Abstract. Increasingly, multiple sources of data are available for disaster recovery planning and emergency service scheduling. Data sharing systems may have to simultaneously cover multiple diverse use cases (e.g. social, environmental and economic) and be transparent, verifiable and trusted. The 2020 Australian bushfire crisis and the global COVID-19 pandemic are examples of complex crisis events where lots of data sources are available.

In 2018 – 2020, Australia built several Linked Data “spines” - themed collections of interoperable reference data that simplify data integration in particular domains. The spatial data spine, Loc-I (Location Index), consists of 7 nationally-significant spatial datasets, such as the Australian Statistical Geographies System. Loc-I delivered Linked Data forms of its datasets and provided infrastructure for their use as a single system.

Here described is Loc-I for Disaster Recovery, a scenario deployment of Loc-I. We discuss original Loc-I design, this project’s key requirements and other differences, such as integrating with traditional spatial data systems, and how this system is pushing the development of spatial and Semantic Web standards, such as DGGS and GeoSPARQL.

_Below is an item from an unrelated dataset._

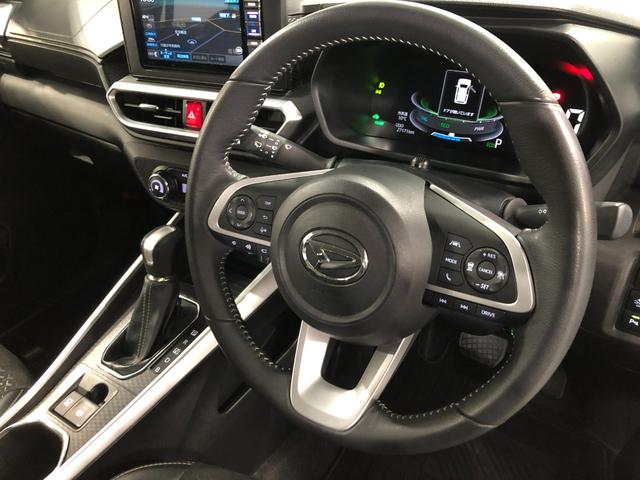 ロッキープレミアムＧ　ＨＥＶ　車検整備付／走行２７１７１キロ／ナビ１年保証距離無制限　走行距離２７１７１キロ　純正フルセグナビ　パノラマモニター　ドラレコ　純正マット　サイドエアバッグ　ＬＥＤヘッドランプ　アイドリングストップ　シートヒーター　オート格納式ドアミラー（埼玉県）の中古車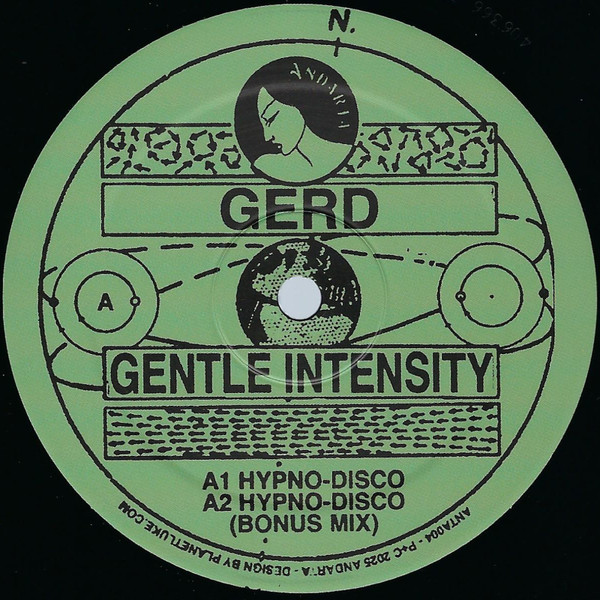 Gerd - Gentle Intensity | Andarta (ANTA004) Gerd - Gentle Intensity | Andarta (ANTA004)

Keywords: Location Index · Loc-I · GeoSPARQL · DGGS · Spatial Data on the Web · Australia · national data infrastructure

1 Introduction

1.1 Motivation

Australia suffers large floods and bushfires, so Australian government is committing substantial resources over multiple years to new cross-agency data sharing initiatives3 that will “connect and leverage the Commonwealth’s extensive climate and natural disaster risk information to further prepare for and build resilience to natural disasters”.

1.2 Demonstrator Projects

Several of demonstrator projects for an anticipated new data sharing regime were conducted in early 2021. Traditional methods of data aggregation are being tested, such as data pooling in shared facilities, standardising web services and cross-cataloging datasets, but forward-looking methods are too. In particular, Semantic Web (SW) and Linked Data (LD) technologies4 are being used to integrate different, but relatively similar, datasets that are published in a distributed manner and Discrete Global Grid System (DGGS) spatial data methods are being used to integrate spatial data from multiple sources. In 2019-2020, Geoscience Australia tested DGGS data integration for information relevant to bushfires which includes burned/burning areas, vegetation cover and demographics.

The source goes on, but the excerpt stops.